Into Uncharted Territory Beethoven’s Piano Trios
Har r y Haskell
An offspring of the Baroque trio sonata, the piano trio— usually denoting a work for piano, violin, and cello—was still in its infancy when Beethoven penned his first essay in the genre around 1791. Although he declined to assign an opus number to the early Trio in E-flat major (which would be published posthumously in 1830), the composer reportedly considered it “one of his worthiest experiments in the art of composition.” A celebrated concert pianist, Beethoven had mixed motives as a composer: his piano trios were designed both to showcase his own virtuosity and to experiment with musical forms and techniques that would bear fruit in other genres. In adopting the four-movement format associated with the symphony and string quartet, for instance, he distanced himself from the three-movement piano trios of Haydn and Mozart. Equally significant was the increasing independence that Beethoven awarded to the three instruments.
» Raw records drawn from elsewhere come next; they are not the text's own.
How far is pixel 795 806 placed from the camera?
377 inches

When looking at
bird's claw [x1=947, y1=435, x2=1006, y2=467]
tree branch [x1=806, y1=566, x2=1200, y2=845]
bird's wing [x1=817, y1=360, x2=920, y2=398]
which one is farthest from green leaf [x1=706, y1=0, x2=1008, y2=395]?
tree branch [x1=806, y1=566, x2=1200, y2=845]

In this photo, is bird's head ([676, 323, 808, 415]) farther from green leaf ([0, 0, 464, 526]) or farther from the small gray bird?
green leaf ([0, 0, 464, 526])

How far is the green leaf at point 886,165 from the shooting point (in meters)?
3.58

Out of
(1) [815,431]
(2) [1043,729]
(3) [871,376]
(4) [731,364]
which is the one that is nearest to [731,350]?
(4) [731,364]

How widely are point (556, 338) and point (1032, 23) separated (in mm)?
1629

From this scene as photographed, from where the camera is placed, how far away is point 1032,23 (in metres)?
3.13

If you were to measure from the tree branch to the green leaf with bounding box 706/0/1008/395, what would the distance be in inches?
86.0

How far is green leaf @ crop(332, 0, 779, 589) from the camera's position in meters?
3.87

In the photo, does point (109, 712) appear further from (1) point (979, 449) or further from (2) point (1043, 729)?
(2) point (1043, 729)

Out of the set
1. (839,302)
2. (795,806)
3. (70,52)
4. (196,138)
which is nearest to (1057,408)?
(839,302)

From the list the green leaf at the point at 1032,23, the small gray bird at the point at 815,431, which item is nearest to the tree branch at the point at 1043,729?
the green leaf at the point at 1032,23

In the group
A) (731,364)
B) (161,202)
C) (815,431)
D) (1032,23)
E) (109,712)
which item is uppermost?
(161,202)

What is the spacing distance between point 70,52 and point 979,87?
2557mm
That his three Op. 1 trios of 1795 still privileged the keyboard was signaled by the first edition’s title page, which billed them as “composed for the piano,” with “violin and violoncello” printed below in lighter, less conspicuous type. Between then and 1816, when he bade farewell to the genre with the effervescent “Kakadu” Variations—probably composed as early as 1802–3 and revised more than ten years later—, Beethoven took the piano trio into uncharted territory, placing ever-greater demands on listeners as well as performers.